For each finger, it determines if it is “pointing”. It calculates two vectors, one from the “Proximal Phalanx” (the knuckle) to the “Intermediate Phalanx” (the next joint up) and then from the “Distal Phalanx” and the “Tip” of each finger. If the dot product between these two vectors is small, the finger is “pointing”. I also record the location of the “base” of the finger (the knuckle), the “direction” the finger is pointing and the location of the “tip” of the finger.

    updateFinger(fingerName) {
        // See https://www.w3.org/TR/webxr-hand-input-1/ for details
        const finger = this.finger[fingerName] ;
        const phalanxProximal = this.hand.joints[`${fingerName}-finger-phalanx-proximal`] ;
        const phalanxIntermediate = this.hand.joints[`${fingerName}-finger-phalanx-intermediate`] ;
        const phalanxDistal = this.hand.joints[`${fingerName}-finger-phalanx-distal`] ;
        const tip = this.hand.joints[`${fingerName}-finger-tip`] ;

        phalanxProximal?.getWorldPosition(__p0) ;
        phalanxIntermediate?.getWorldPosition(__p1) ;
        phalanxDistal?.getWorldPosition(__p2) ;
        tip?.getWorldPosition(__p3) ;

        this.setFingerFromPoints(finger, fingerName);
        return finger ;
    }

    setFingerFromPoints(finger, fingerName) {
        __baseVector.copy(__p1).sub(__p0).normalize();
        __tipVector.copy(__p3).sub(__p2).normalize();
        const dot = __baseVector.dot(__tipVector);

        // The base and the tip of the finger are pointing in basically the same direction
        finger.pointing = (dot > 0.85); 
        finger.base.copy(__p0);
        finger.direction.copy(__p3).sub(__p0).normalize();
        finger.tip.copy(__p3);
    }

    getVectorFrom(start, end, direction) {
        start?.getWorldPosition(__start.setScalar(0)) ;
        end?.getWorldPosition(__end.setScalar(0)) ;
        direction.copy(__end).sub(__start).normalize();
        return direction
    }

Using this information, I then calculate the “thumbIndexDistance” between the tip of the index finger and the tip of the thumb (used for the “pinch” action) and the angle “thumbIndexAngle” (used for the walk activate action).

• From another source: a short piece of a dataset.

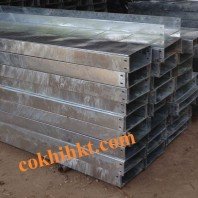 Máng cáp điện 400x100 mạ kẽm nhúng nóng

I also work out the direction the palm is facing, but to do this I need to take into consideration the rotation of the players head. I get the head rotation in XrHead from the current camera and calculate the “forward”, “up” and “right” vectors. This is necessary, so that if the user turns around, the palms direction remain consistent.

camera.getWorldPosition(this.position);
camera.getWorldQuaternion(this.quaternion);
worldUp.set(0, 1, 0);
up.set(0, 1, 0).applyQuaternion(this.quaternion);
forward.set(0, 0, -1).applyQuaternion(this.quaternion);
right.set(1, 0, 0).applyQuaternion(this.quaternion);

I then get the wrist rotation and determine which direction the palm of the hand is facing by comparing it with the ”up”, “forward” and “right” vectors of the head. The palm can be facing “up”, “down”, “forward” or “backwards”. I also take into consideration weather it’s the left or right hand to determine if the hand is facing “inward” or “outward”.

        this.hand.joints[`wrist`]?.getWorldQuaternion(__wristWQuat);
        __baseVector.set(0, -1, 0) ; // Ray out from Palm
        __baseVector.applyQuaternion(__wristWQuat);
        var palmDotUpRad = Math.acos(this.head.up.dot(__baseVector)) ;
        var palmDotForwardRad = Math.acos(this.head.forward.dot(__baseVector)) ;
        var palmDotRightRad = Math.acos(this.head.right.dot(__baseVector)) ;

        if(palmDotForwardRad < Math.PI / 4.0) {
            this.palmFacing = 'forward' ;
        } else if(palmDotForwardRad > Math.PI / 4.0 * 3.0) {
            this.palmFacing = 'backward' ;
        } else {
            if(palmDotUpRad > Math.PI / 4.0 * 3.0) {
                this.palmFacing = 'down'
            } else if(palmDotUpRad < Math.PI / 4.0) {
                this.palmFacing = 'up'
            } else {
                if(this.handSide == 'right') {
                    this.palmFacing = (palmDotRightRad < Math.PI / 2.0) ? 'outward' : 'inward';
                } else {
                    this.palmFacing = (palmDotRightRad < Math.PI / 2.0) ? 'inward' : 'outward';
                }
            }
        }

This sounds like a lot of work, but I can now use combinations of this information to detect gestures. For example, if the “index finger” and “thumb” are pointing, and the other fingers are not, and the “palm” is down, I’m initiating a walk gesture. If the thumbIndexAngle then drops below 20 degrees, I move the user to where the index finger is pointing to.

The Pointer

I abstracted out the location and direction of the pointer. For the mechanical controller, the pointer is always on and is set by the orientation of the controller, and is activated by the “squeeze” button event. The pointer for the hand is a little more difficult.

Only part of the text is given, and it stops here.